O recorde de indicações para O Regresso reflete o crescimento absurdo que o filme de Alejandro González Iñárritu teve nas últimas duas semanas com a presença nos prêmios de sindicato. Como o filme teve um lançamento tardio, muitos acreditavam que ele não ocuparia tanto espaço no Oscar. Agora com 12 indicações, até a campanha para o primeiro Oscar para Leonardo DiCaprio passa a caminhar sozinha rumo à vitória.

Leonardo DiCaprio em cena de O Regresso (photo by outnow.ch)

Leonardo DiCaprio em cena de O Regresso (photo by outnow.ch)

Logo em seguida, com 10 indicações, o blockbuster aclamado pela crítica, Mad Max: Estrada da Fúria, felizmente conquistou mais do que apenas indicações técnicas. Além do diretor George Miller (esta é sua primeira indicação como Diretor), o filme está na seleta lista das oito melhores produções do ano. Essa mudança do número de indicados para Melhor Filme que acontece desde 2010 foi criada com esse propósito de abraçar produções mais ousadas como Mad Max, então uma vitória e tanto para a Academia!

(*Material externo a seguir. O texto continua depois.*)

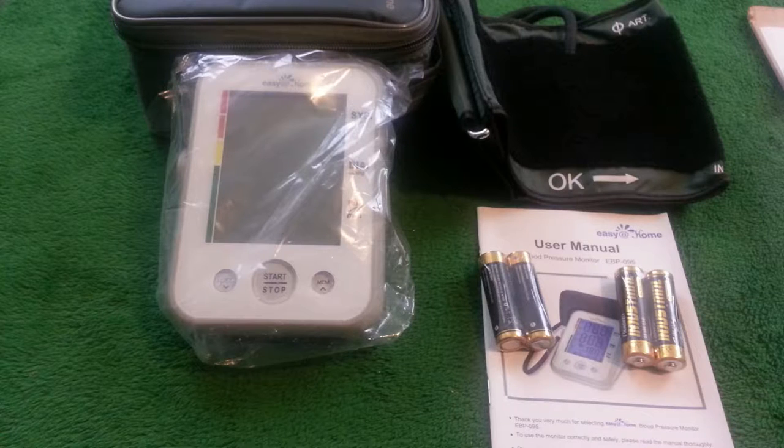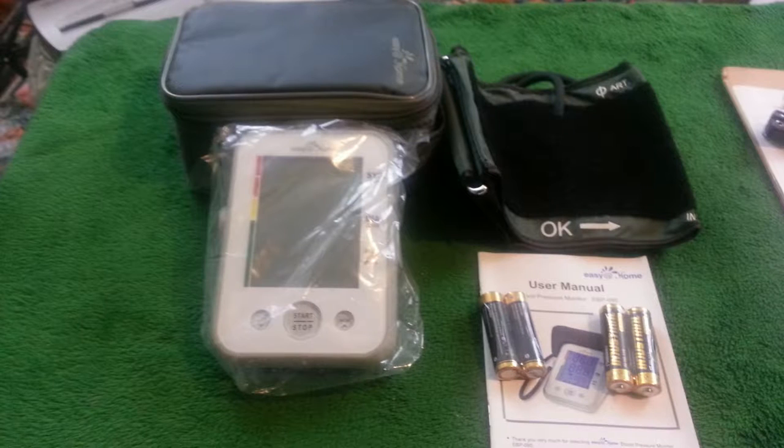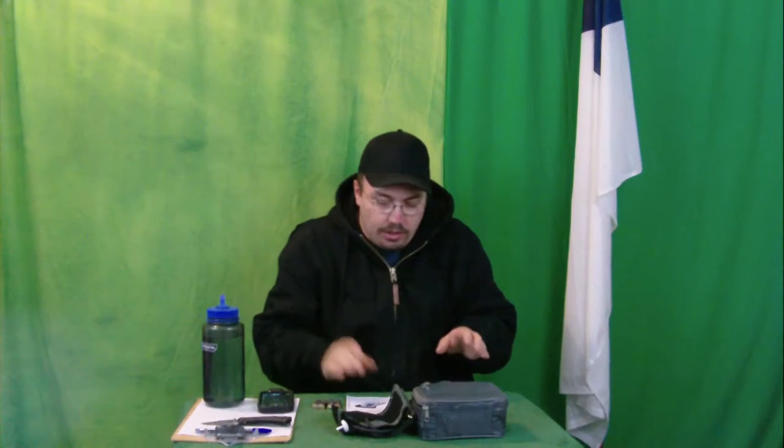We only have one unit that takes the batteries, I think. Thank goodness. So we don't need a whole bunch of batteries. We just need these four, I guess. And we got our user manual.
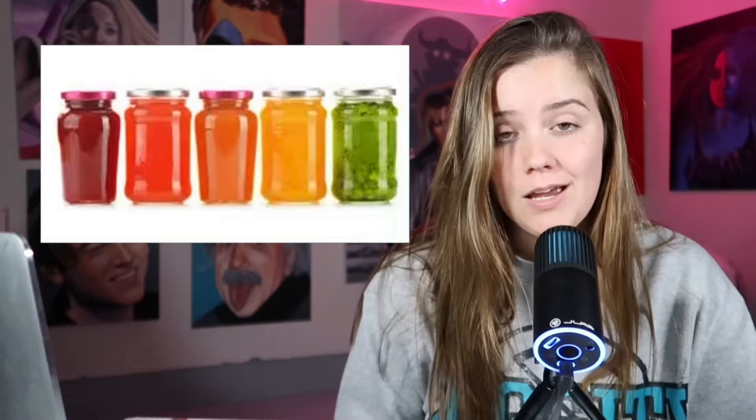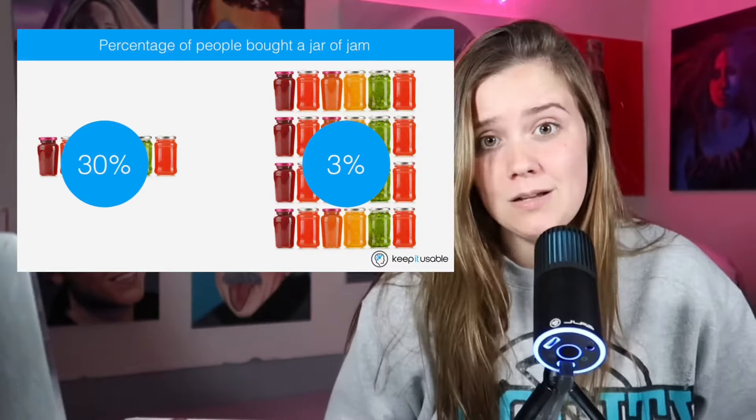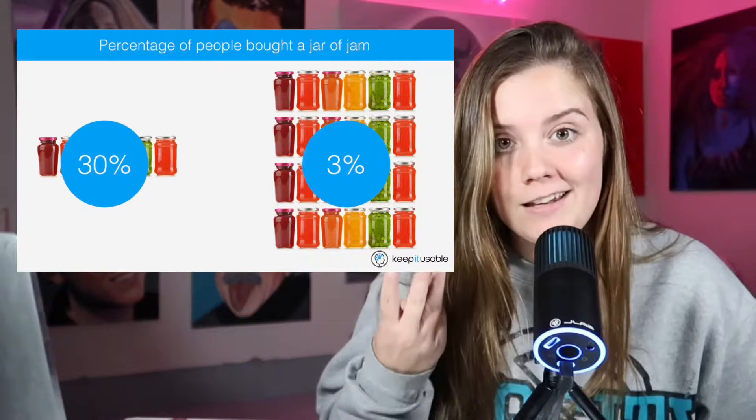The tip that I think really helped me was narrowing down to just one size option. There's something called the jam experiment: they offered consumers a large variety of jam options, and with a different audience offered only about three options. The people offered more options were overwhelmed and often walked away without buying anything. The people offered only three options were way more likely to purchase. So I only have one size — eight-by-ten inch prints. I eliminated stickers, mini prints, and canvas prints. It totally simplifies the process for customers.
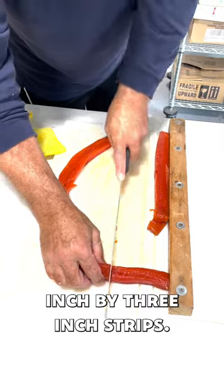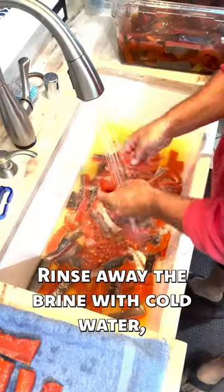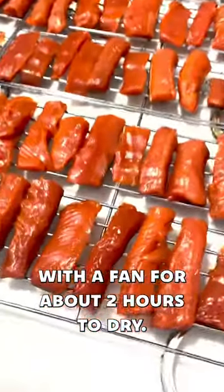Start by cutting the fish into 1 inch by 3 inch strips. Next, soak the fish in a saltwater brine for 12 hours. Rinse away the brine with cold water, towel them off, and lay the strips out on greased racks with a fan for about 2 hours to dry.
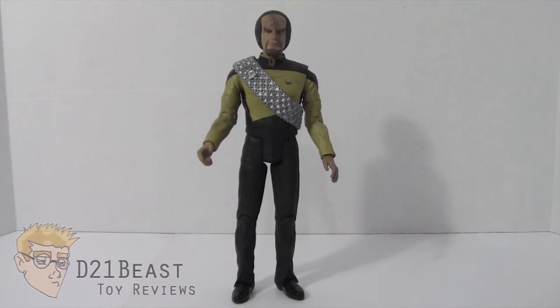Hey everyone, I'm D21Beast and welcome back to my figure review series here on my YouTube channel. Today we're going boldly where no one has gone before. We're taking a look at the Star Trek: The Next Generation line from Art Asylum and Diamond Select.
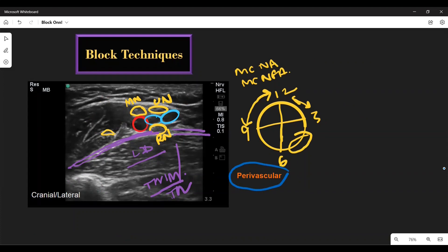In the perivascular technique, the individual nerves are not targeted. Here, two injections are performed posterior and anterior to the artery. Whereas in the perineural technique, the individual nerves are targeted and local anesthetic is deposited around the nerve. Please note: in both cases, the musculocutaneous nerve is targeted separately.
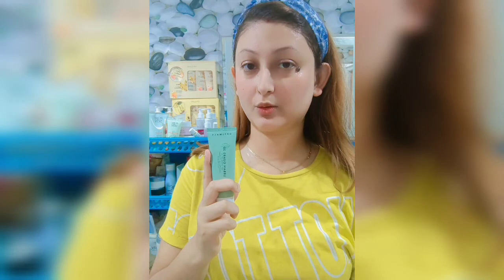With day cream SPF 25, we protect our skin from sun damage. With night cream, we protect our skin overnight for 8 to 9 hours every day. The next day our skin's beauty is enhanced.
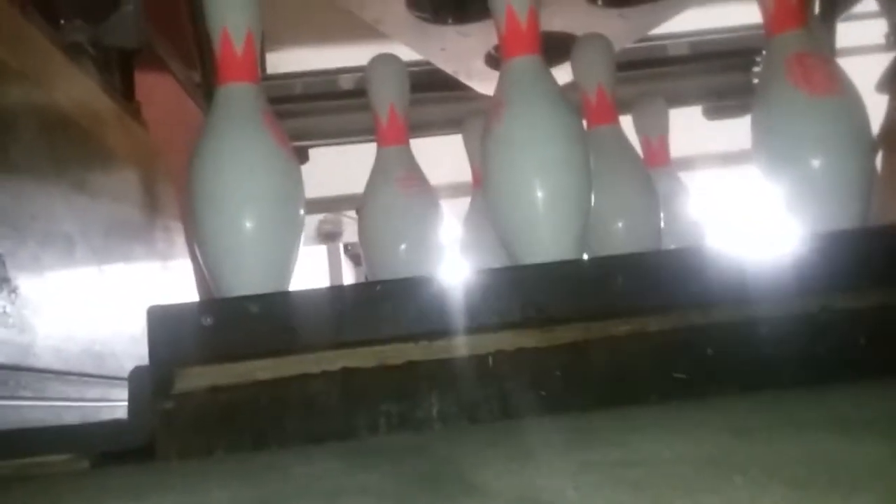This is the bowling machine on lane 16. Here's the pit board — this thing shakes. There's a pit cushion that's what the ball hits, and when you hit that, you'll watch something drop. That's what happens when the ball hits the pit cushion. This is the pit curtain.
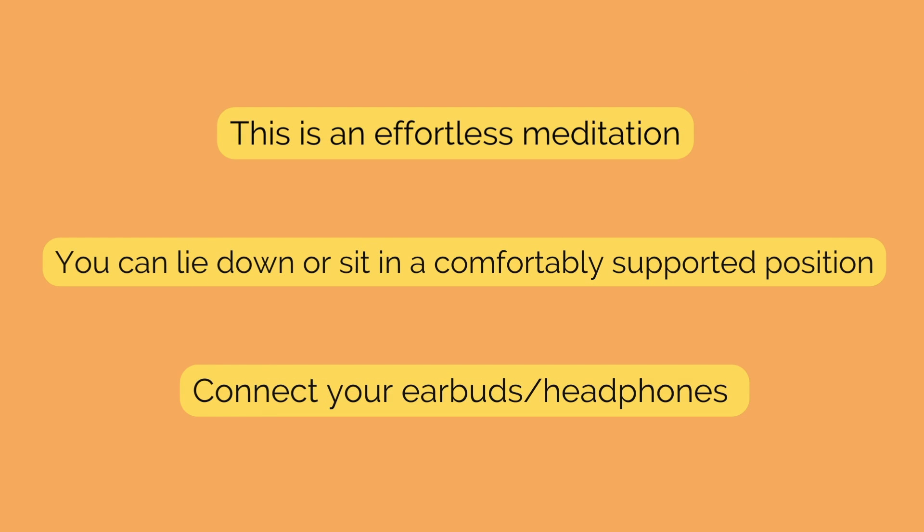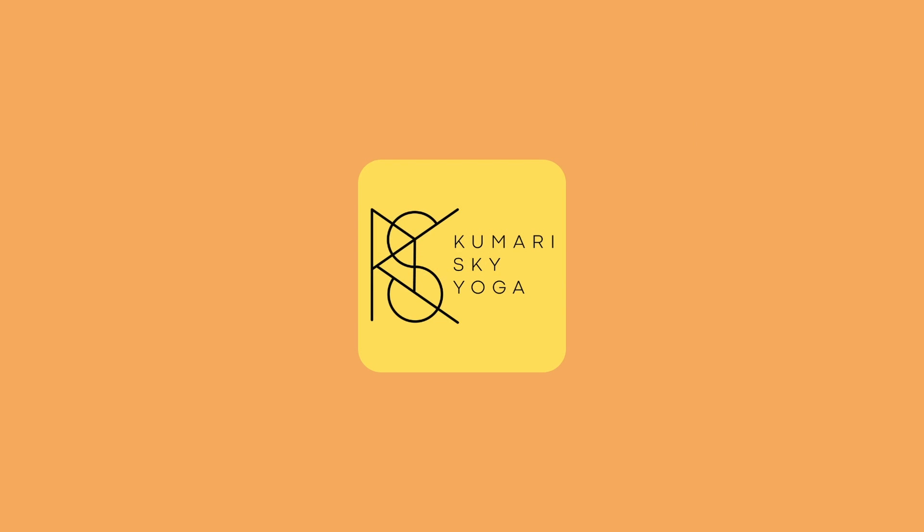Maybe you weren't aware, but Yoga Nidra can be practiced any time of day, and we can even add in special intentions when it comes to starting the day, or falling asleep, or working with different intentions. So with that being said, our intention for this Yoga Nidra is to help you move into your day feeling grounded and peacefully energized.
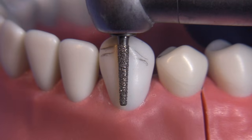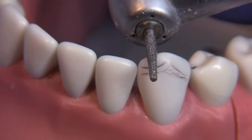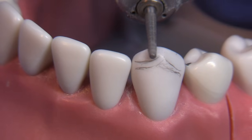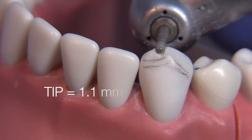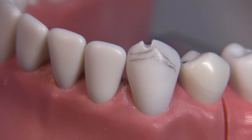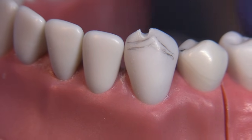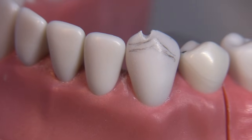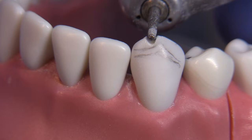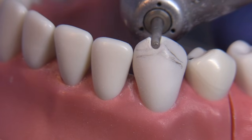Let's get started on the incisal reduction using an 847 KR 016 bur. This diamond has the dimensions we want for facial reduction and also allows us to reduce the incisal really easily. We'll start with maybe a one millimeter depth cut — the tip of the bur is 1.1 millimeters, giving you an idea of depth. We'll continue to almost the entire two millimeters, leaving a little bit at the end for smoothing so we don't end up with an over-reduced preparation.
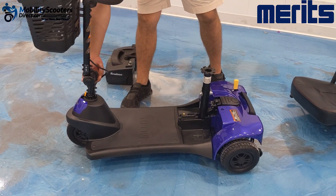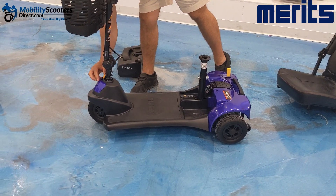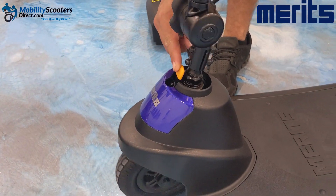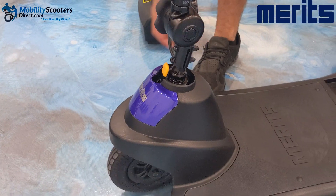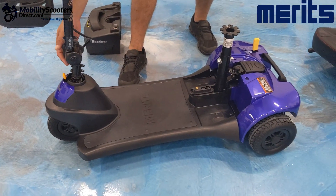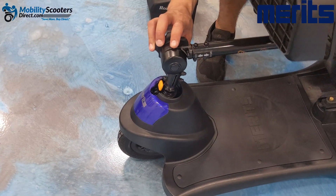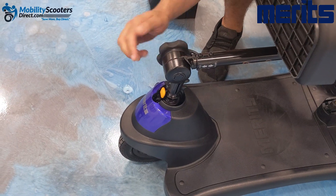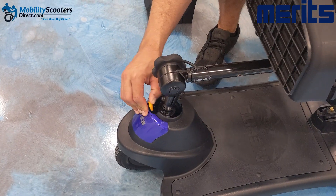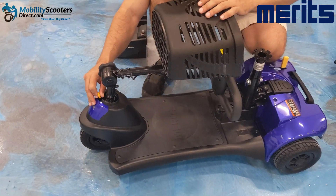To prevent the handlebar from swinging around uncontrollably, there's a yellow lever on the front of the scooter. Engage that yellow lever to the forward position and it will lock your tiller handlebar, preventing you from being able to turn it at all. It's only meant to be engaged when transporting the scooter in the trunk of a car or cargo space of an SUV so the handlebar does not swing around uncontrollably while taking turns in your vehicle.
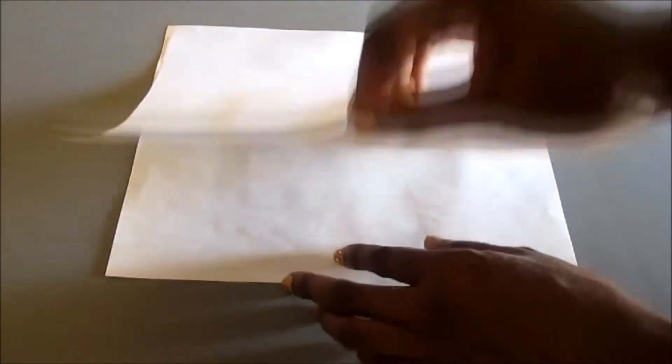You should be left with a thin plastic sheet ready for crafting. And then you're done.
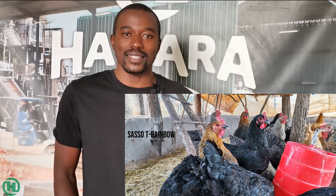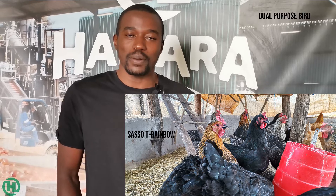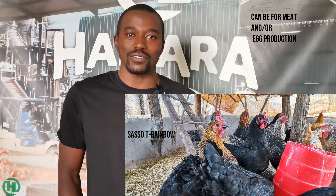Hello everyone, today we're going to be introducing one of our SASSO breeds, which is the Tea Rainbow breed. As the name says, it's a multicolored breed and it can be used as a dual-purpose breed — meaning you can use it for meat and you can use it for eggs.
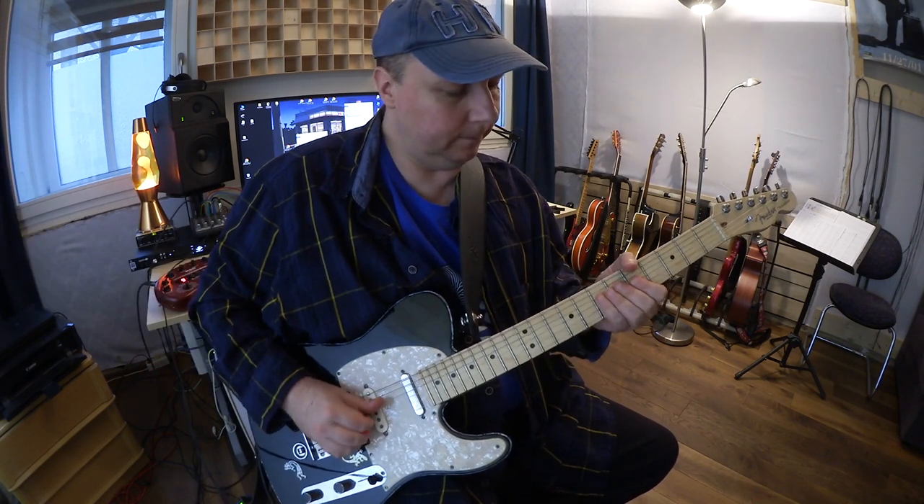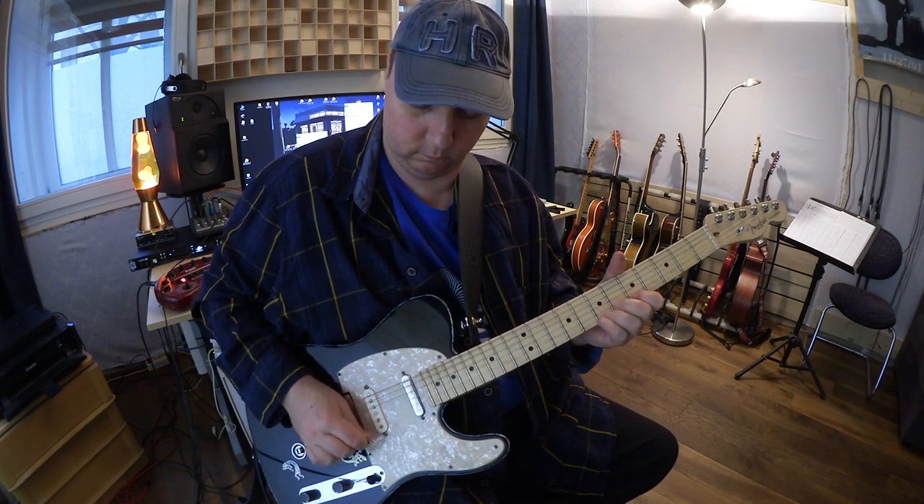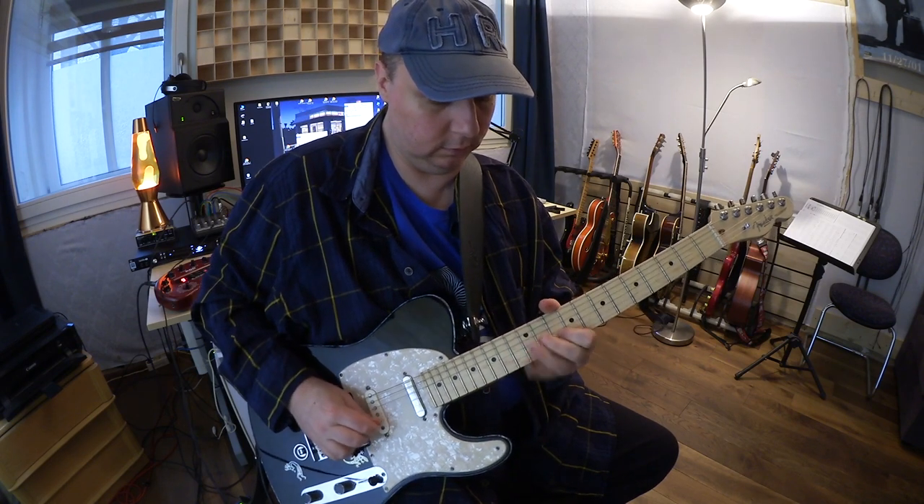Neck position. Very bluesy. Last position.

Em terceiro lugar, vem a ficção científica Perdido em Marte com sete indicações. Apesar de estar entre os indicados a Melhor Filme, a ausência de Ridley Scott como Melhor Diretor enfraquece a campanha do filme. Por outro lado, Spotlight – Segredos Revelados (com 6 indicações) e A Grande Aposta (com 5) aumentaram consideravelmente suas chances com a inclusão de seus diretores na categoria.

Contudo, o que mais chama a atenção é a exclusão dos filmes Carol e Ponte dos Espiões. Ambos conquistaram 6 indicações cada, mas ficaram de fora da categoria de Melhor Filme. Soou incoerente demais. Se Todd Haynes e Steven Spielberg tivessem se classificado, seus respectivos filmes provavelmente acumulariam 8 indicações no total. No caso do drama de temática lésbica Carol, a justificativa de sua exclusão pode significar algum clima homofóbico de boa parte dos membros da Academia. Já pelo filme de espionagem, apesar de Spielberg ser uma das figuras da religião judaica mais fortes de Hollywood, talvez a mensagem contra o xenofobismo tenha sido a causa de seu naufrágio.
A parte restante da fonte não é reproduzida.